Ridley5 opened this issue on Jul 26, 2010 · 1724 posts
bagginsbill posted Wed, 25 August 2010 at 9:37 AM
Quote - > Quote - Some other differences in my exporter:
- Each exporter produces a "section" of the lux scene file. Mine can put these in separate files or all in one file, or any combination.
Oh boy. This is something we talked about very early. This is the reason why we distribute the parameter "file" and do print >> file, "another string to output to a file or stream".
The worker parts must not know where output goes to. The workers just have to write to "file". This is part of the framework from the first testversion.
You just reinventing the wheel.
But go ahead.
Well, yes, you have print >> file and you can pass any file to the exporter worker.
But, first thing I don't like is the exporter worker has to use print and format everything itself. Second, there is no provision for printing things out of order, which is sometimes necessary.
In my framework, there is a 'lux' object. This is a smart wrapper around files or other stream-like objects. It maintains a stack of streams, so you can push a new stream on it, write some stuff, and pop the stream.
Anybody can use print >>lux or lux.write(...) but this is not the most convenient approach.
Instead, the lux object understands a lot of methods.
To push a new scene sub-file, you say:
lux.pushFile('foo.lxx')
This automatically inserts an Include directive into the current output file which will include foo.lxx. Then it opens the foo.lxx file and pushes it on the output stack. When you're done with that subfile, you call lux.pop() and the file is closed. If a filename has a path it will be used, otherwise the output folder of the current file before pushing is used.
To push a new file without "including" it, just call lux.pushFile(filename, False). To just push an arbitrary stream call lux.push(stream). This stream will not be closed. To auto close it on pop, calls lux.push(stream, True).
As I said, you can format everything yourself, but that is error prone and is a lot of typing. Instead, the lux object has a special attribute setter. Assigning any attribute to it that is not one if it's own existing attributes is assumed to be a request to put a lux-style property.
For example, to set the camera field of view, instead of:
print >> file, ' "float fov" [%s]' % fov
I write:
lux.fov = fov
That does the same thing, because fov is a float.
To set the camera autofocus, instead of:
print >> file, ' "bool autofocus" ["%s"]' % gp.get("autofocus", "false")
I write:
lux.autofocus = autofocus
Lists and tuples are automatically examined to see what is inside, and the type is set from that.

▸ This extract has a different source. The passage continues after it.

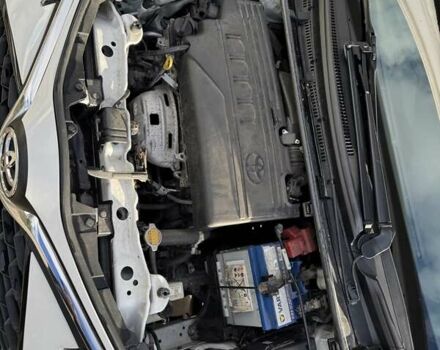 Белый Тойота Ярис, объемом двигателя 1.3 л и пробегом 156 тыс. км за 11000 $, фото 13 на Automoto.ua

But sometimes a tuple can be a float vector, a color vector, a vector vector, etc. So there are easy ways to specify.
For example, instead of:
print >> file, ' "color L" [%s %s %s]' % tuple(self.color)
I write:
lux.color.L = color
To copy a bunch of values, you can use the method lux.copy.
Instead of:
print >> file, ' "bool autofocus" ["%s"]' % gp.get("autofocus", "false")

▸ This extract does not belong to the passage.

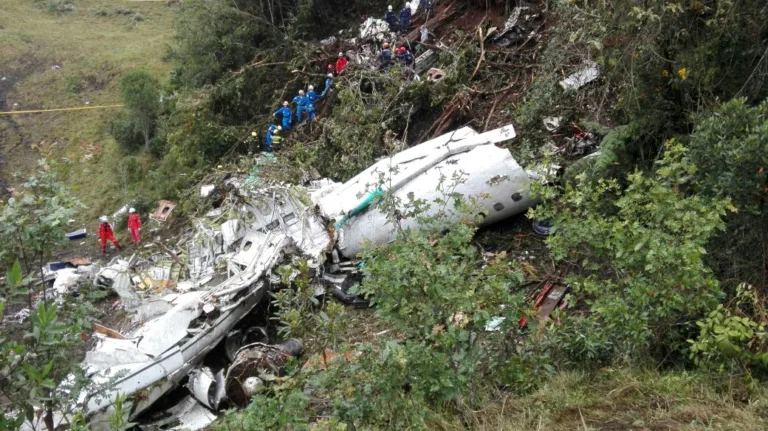 Piloto de avião teria pedido ajuda antes da queda: 'Ajude-nos! Ajude-nos!'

print >> file, ' "integer blades" [%s]' % gp.get("blades", 6)
print >> file, ' "string distribution" "%s"' % gp.get("distribution", "uniform")
print >> file, ' "integer power" [%s]' % gp.get("power", 1)
I write:
lux.copy(section, 'autoFocus', 'blades', 'distribution', 'power')

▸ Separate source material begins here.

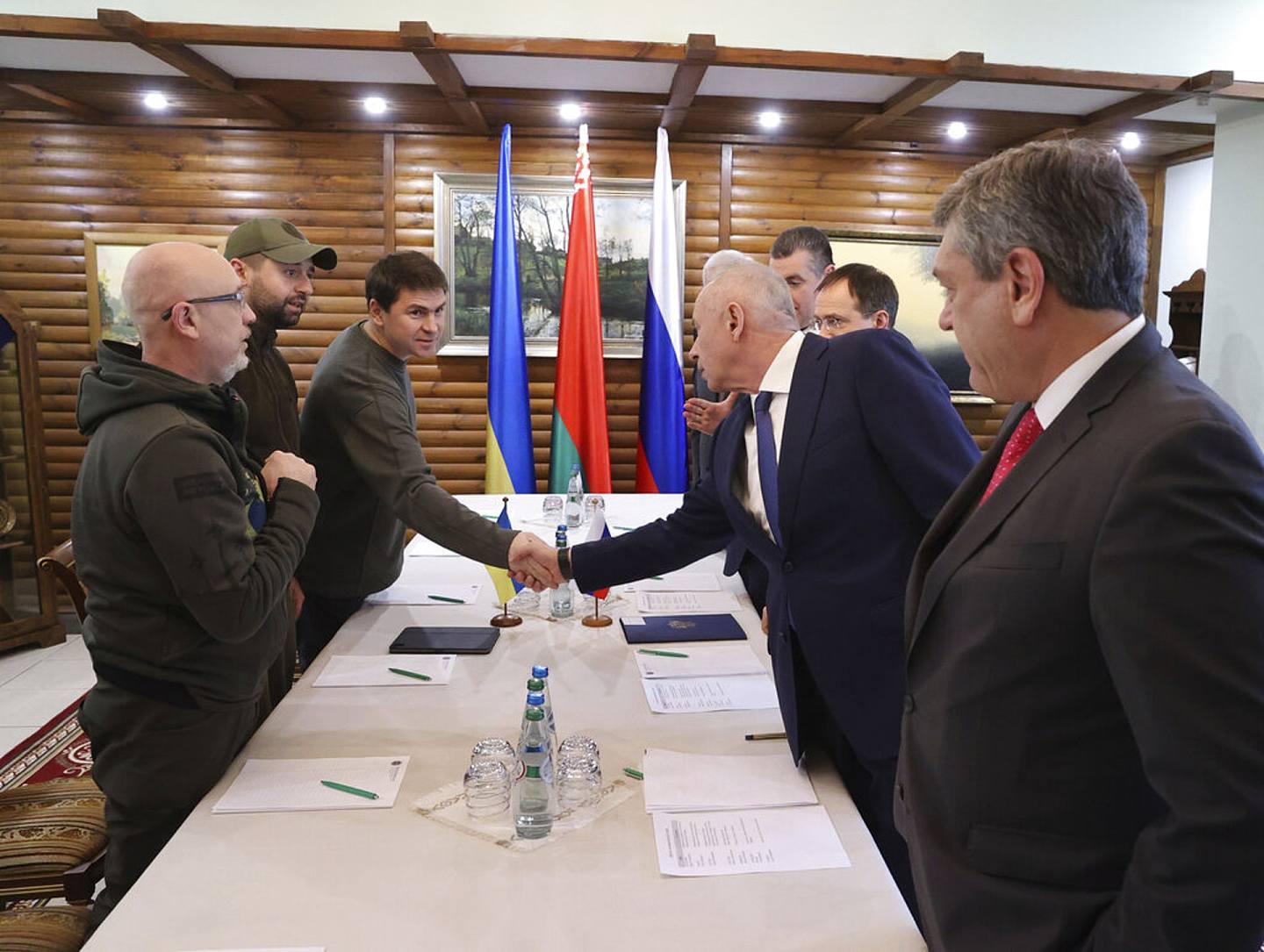 俄乌谈判：图为俄罗斯与乌克兰在白俄罗斯的第二轮谈判会场，双方就人道主义通道以及就运送食物及药身到前线达成谅解。 是次会议在2022年3月3日举行，地点在比亚沃维耶扎原始森林国家公园。 它位白罗斯布列斯特州以北，接近白罗斯与波兰边境。 （AP）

There is no need to specify types in this case because the actual values are already typed as bool, int, or string.
Whenever any of these setter methods are used, the values passed in are automatically transformed via the function s2lux. This converts True to "true", False to "false", etc. Also for strings, lux wants no spaces and all lower case, so it does that. For the rare case where you have a string that you do not want converted, you say:
lux.someProperty = literally(someValue)
To start a new lux object, you use the .typeof attribute like this:
lux.typeof.LightSource = 'spot'
lux.typeof.Camera = 'Perspective'
In the rare case where you really have to manually format something, you can just call lux and it works like C's printf.
lux('someOddThing [%.02d %02d %02d]n', a, b, c)
There are many other helper functions. With this scheme I stopped making errors in formatting, or forgetting what the type was supposed to be and, for example, printing a float when I wanted an integer or a bool.